Thank you, Pernilla. Looking at August sales development, the first month of Q2, we saw total sales being up 13% to 968 million, of which 7% organic. We see negative currency effects of 3% and the acquired spare group adds 9% so we didn't have spares in the comparison. So broad based, Sweden up 7%, Norway 8%, Finland 7%. And it's obviously the Norwegian Krone that is impacting us the most. So we do see 8% organic growth in Norway while we report 1% growth in Swedish Krone. So that has a pretty significant impact. The store network was increased by 11 stores if I compare to the end of August last year. And similar to Q1 and to the previous quarters, we also did see all five product niches driving growth also in August. So a very strong start to the second quarter. Then wrapping up before we move into Q&A. So we are continuously working in line with the strategy we laid out more than two years ago now. We're working with our growth plan and we believe that the general market and the general consumer situation is still fairly weak and it's even more important or as important as ever to execute everything flawlessly day to day and also to continuously working with a very valuable money assortment. As I mentioned, we do still do a lot of work in terms of renewing the current assortment, launching a lot of new products and also taking out products that do not perform as well. And we are continuously developing our sales channels. So again, five store openings in Q2 and also working to strengthen the store network that we currently have and continuously growing online sales. We believe that those three factors will help contribute to continued 5% organic growth also moving forward. And as always, we will be tight in terms of cost control, not adding any cost even though we're growing and also every opportunity to find efficiencies will go after. So with that, we'll move into Q&A.
The next question comes from Nicholas Ekman from Carnegie. Please go ahead.
Thank you. Yes, a couple of questions from my end. Firstly, on the gross margin, can you elaborate a little bit about these external factors that you talked about here in Q1? How do you see these developing over the next few quarters? Are these continued headwinds and will they worsen or better? Just generally what you see on the gross margin?
Yeah, good morning, Niklas. So on the gross margin in Q2, it's pretty clear that looking at last year versus this year, obviously the Norwegian krone is significantly weaker. So the effect that we saw in August on the sales numbers, depending, of course, on what happens to the Norwegian krone, that could have an impact last year. The Norwegian krone was 104 to the SEC, 103 to the SEC in September and one krone to the SEC in October. So that will have an impact, depending, of course, on the Norwegian krone, because on the sales side, of course, the hedging doesn't help. Then when it comes to the transportation cost that Vanilla talked about, that will have an impact more so in Q3 and Q4. It will be too early to tell how much, but it will have an impact. I don't know if you want to add anything to that, Mila.
I think that covers it.
Yeah, and there's been no change now in Q1. There's been no change really in markdown levels versus previous years, right?
No, as we reported in the bridge, we've seen actually positive sales mix development. So we haven't intensified any markdowns.
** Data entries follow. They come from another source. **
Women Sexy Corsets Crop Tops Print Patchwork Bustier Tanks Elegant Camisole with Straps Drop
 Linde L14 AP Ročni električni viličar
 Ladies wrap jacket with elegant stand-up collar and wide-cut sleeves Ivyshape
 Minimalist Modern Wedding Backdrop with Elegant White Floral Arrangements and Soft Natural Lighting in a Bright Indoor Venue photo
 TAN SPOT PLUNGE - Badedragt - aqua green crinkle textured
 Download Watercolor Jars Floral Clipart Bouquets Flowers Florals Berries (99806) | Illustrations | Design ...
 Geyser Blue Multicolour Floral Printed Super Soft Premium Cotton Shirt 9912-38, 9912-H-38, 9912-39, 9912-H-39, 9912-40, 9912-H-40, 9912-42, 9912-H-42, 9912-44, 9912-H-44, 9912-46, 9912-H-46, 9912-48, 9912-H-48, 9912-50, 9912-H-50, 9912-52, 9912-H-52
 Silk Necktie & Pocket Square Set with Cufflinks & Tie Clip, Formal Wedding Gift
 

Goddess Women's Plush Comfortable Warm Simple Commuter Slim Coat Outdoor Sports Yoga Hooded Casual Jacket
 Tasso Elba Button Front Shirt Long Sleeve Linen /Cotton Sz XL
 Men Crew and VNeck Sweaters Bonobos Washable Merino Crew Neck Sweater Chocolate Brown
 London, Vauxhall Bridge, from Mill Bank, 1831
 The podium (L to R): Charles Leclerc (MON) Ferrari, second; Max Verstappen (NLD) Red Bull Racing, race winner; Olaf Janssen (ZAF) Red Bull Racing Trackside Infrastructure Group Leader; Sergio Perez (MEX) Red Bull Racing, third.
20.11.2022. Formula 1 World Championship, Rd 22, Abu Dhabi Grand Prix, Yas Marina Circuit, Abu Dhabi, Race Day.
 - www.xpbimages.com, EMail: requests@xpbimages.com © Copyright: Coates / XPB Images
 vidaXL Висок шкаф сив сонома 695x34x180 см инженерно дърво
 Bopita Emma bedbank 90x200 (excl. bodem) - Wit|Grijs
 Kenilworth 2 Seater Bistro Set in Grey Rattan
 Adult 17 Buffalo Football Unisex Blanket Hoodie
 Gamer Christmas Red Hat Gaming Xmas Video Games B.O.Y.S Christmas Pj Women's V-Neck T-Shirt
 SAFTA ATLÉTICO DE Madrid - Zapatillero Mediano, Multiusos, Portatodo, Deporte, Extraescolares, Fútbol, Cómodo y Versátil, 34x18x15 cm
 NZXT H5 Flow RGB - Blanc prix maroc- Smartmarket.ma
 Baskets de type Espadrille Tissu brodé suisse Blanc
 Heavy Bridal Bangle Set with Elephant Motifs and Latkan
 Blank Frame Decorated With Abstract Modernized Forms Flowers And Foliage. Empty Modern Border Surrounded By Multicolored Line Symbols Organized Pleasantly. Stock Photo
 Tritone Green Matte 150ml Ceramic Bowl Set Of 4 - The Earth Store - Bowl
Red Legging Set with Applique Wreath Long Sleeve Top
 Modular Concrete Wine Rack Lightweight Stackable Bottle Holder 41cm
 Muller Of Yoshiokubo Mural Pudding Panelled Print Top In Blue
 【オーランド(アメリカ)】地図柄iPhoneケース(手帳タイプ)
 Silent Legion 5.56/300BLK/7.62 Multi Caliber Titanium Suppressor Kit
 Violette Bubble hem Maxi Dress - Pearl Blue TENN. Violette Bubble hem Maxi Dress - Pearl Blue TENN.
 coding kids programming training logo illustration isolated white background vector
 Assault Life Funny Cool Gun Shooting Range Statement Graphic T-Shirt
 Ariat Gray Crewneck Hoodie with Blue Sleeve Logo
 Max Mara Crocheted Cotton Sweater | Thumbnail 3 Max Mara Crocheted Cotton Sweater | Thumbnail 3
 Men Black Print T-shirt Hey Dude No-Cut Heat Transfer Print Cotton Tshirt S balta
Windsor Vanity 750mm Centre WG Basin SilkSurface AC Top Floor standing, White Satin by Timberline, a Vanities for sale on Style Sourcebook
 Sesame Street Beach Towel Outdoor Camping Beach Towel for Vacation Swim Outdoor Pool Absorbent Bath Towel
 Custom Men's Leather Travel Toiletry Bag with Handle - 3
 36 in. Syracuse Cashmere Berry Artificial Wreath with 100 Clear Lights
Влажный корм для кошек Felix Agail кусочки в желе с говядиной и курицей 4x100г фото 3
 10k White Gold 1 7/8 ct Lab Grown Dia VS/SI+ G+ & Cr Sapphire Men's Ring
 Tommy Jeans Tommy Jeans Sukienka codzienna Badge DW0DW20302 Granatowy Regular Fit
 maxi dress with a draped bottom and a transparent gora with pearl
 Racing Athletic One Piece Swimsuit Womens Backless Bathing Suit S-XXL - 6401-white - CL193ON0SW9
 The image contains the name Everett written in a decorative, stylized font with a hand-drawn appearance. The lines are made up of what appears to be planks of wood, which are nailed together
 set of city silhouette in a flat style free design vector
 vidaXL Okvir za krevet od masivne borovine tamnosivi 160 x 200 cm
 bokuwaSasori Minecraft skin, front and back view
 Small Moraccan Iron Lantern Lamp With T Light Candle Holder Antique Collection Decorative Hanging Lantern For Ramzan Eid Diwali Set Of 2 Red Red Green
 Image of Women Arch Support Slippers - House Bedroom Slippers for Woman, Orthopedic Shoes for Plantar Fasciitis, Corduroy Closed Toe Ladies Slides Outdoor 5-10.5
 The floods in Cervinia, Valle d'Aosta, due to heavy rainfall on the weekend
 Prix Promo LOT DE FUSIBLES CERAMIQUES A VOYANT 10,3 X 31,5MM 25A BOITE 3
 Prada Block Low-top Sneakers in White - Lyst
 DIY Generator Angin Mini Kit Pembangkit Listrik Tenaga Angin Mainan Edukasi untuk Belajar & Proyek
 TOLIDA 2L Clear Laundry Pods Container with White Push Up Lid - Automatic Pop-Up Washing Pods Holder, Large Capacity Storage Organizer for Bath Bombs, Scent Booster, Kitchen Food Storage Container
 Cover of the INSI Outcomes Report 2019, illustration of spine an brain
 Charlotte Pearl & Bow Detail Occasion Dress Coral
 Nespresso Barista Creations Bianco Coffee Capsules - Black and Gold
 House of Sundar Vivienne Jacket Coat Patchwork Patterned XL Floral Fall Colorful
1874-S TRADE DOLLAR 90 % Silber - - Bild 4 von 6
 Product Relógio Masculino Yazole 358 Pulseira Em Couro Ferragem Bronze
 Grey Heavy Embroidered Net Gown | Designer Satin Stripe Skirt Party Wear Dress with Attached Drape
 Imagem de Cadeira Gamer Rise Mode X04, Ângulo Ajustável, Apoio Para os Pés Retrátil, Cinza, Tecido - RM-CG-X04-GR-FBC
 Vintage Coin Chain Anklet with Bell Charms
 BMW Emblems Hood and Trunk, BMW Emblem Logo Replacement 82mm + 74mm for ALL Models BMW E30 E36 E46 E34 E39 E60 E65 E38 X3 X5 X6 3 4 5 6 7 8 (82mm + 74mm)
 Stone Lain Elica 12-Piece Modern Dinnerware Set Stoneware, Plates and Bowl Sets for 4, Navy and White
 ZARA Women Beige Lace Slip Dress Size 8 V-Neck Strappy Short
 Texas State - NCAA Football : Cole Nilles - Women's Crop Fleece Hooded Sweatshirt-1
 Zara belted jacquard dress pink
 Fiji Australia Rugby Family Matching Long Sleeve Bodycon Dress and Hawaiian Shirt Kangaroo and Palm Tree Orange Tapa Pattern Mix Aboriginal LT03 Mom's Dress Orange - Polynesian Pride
Very clear. And I'm also curious about your margin target. I know you talk about reported margin, but if you look at adjusted margin, excluding the one-offs you had last year, you are now on a rolling 12-month basis. You're at 9.1. That's above the 79% target. And given that growth now continues to be quite strong also in August, is there any reason to assume that these margins could not continue higher than this 79% target? Is there any reason why you are sticking to this target at the moment and not revising it?
So it's of course all about delivering consistently long term. So as you say, we are on the upper end of the margin target right now. We haven't revised it for the year that we just entered. And it would of course always be some years on the upper end, some on the lower. So we haven't made any revisions, but of course our ambition is always to deliver as strongly as positively. But we also do see, as mentioned, that the external world is still of course volatile. So we also want to be prepared for anything. But I think that's the comment for now.
Fair enough. Good. On spares, I'm also curious because when I look at the average monthly sales in the first five months after you consolidated it, the sales were in their range of 50-60 million during the winter period. And now in the last five months, they've been above 70 million. And that's been during the summer period. I would imagine that seasonal pattern would have been the opposite. So just can you clarify if there are any big seasonal swings here or if the sequential improvement here is mainly related to strong growth in spares?
So the seasonality in spares is lower than that for Klaus Olsson. So there are no major seasonal impacts. The seasonal impacts usually in November, December are a bit stronger, but there are no major seasonal impacts. So the driver of the slightly higher monthly sales is obviously growth. We have seen as we mentioned before, a good development on the business to consumer side. As we have also mentioned before, the business to business side is a bit volatile. But now we've seen good performance across both. So no major seasonality, but rather a growth improvement.
Very clear. Thank you. And finally, just when I look at your planned store openings, you have seven planned openings now for the next three months. And there is nothing announced after that. Are you temporarily pausing expansion and now kind of evaluating the pickup in store openings that you've seen? Or do you expect the expansion pace to remain at a similar pace going into 2025?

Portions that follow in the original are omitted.